Um inédito e um quase inédito. A mostra prevê também projeções de Wilsinho Galiléia, documentário que permaneceu no subsolo durante 24 anos. Rodado como um especial para o Globo Repórter, o filme cheirou a subversão para o regime em 1978, que o censurou por considerá-lo uma apologia à criminalidade infantil. Veio à tona na última edição do festival É Tudo Verdade e integra o ciclo do CCBB na próxima quinta-feira.

João Batista policiou artisticamente a repressão. Não foi cegamente ostensivo porque o minguado aparelho cultural não permitia; não foi alegórico para não correr riscos de fragmentação de sua ascese. Na trajetória de oposição aos cassetetes, passou pelo Grande ABC. Primeiro foi a Paranapiacaba, onde rodou Doramundo (1978), uma caleidoscópica tese do sistema policial baseado mais no “achismo” do que em evidências. Em 1979 voltou para documentar a semeadura sindical com o curta Greve!. Doramundo será exibido no próximo sábado e Greve!, no domingo.

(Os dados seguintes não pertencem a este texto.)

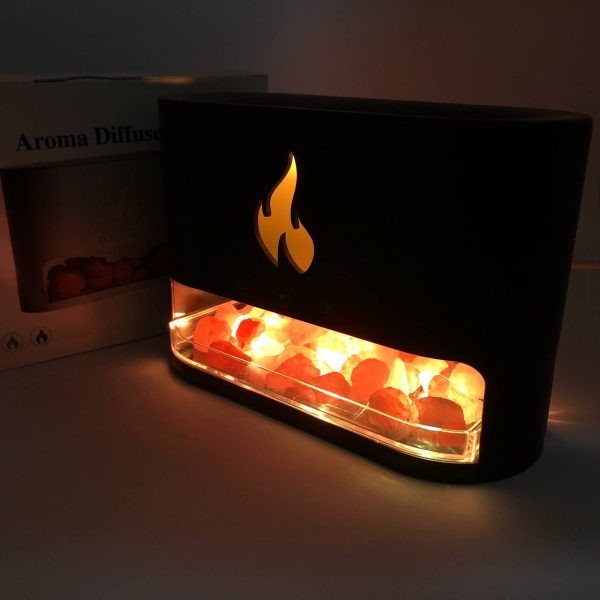 reivrvairv.jpg Лампа зволожувач повітря Docsal Flame 3 в 1 з соляним камінням, Портативний зволожувач лампа чорна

João Batista de Andrade filmou a frustração solapada pela coerção – mas não viveu assim. Continuou a observar a lobotomia política até fazer O Homem que Virou Suco (1979). Exibido no sábado, o filme tem José Dumont (cabra competente) na pele de Deraldo, artista de rua que deixa o Nordeste para reivindicar um lugar na terra das oportunidades que São Paulo vendia. Confundido com um assassino, Deraldo é perseguido e acuado. Seria um Joseph K. à brasileira – falta para isso o dado absurdo, a causa inexistente. Todavia, frente às manobras esotéricas da ditadura militar para justificar óbitos e desaparecimentos, não falta mais nada.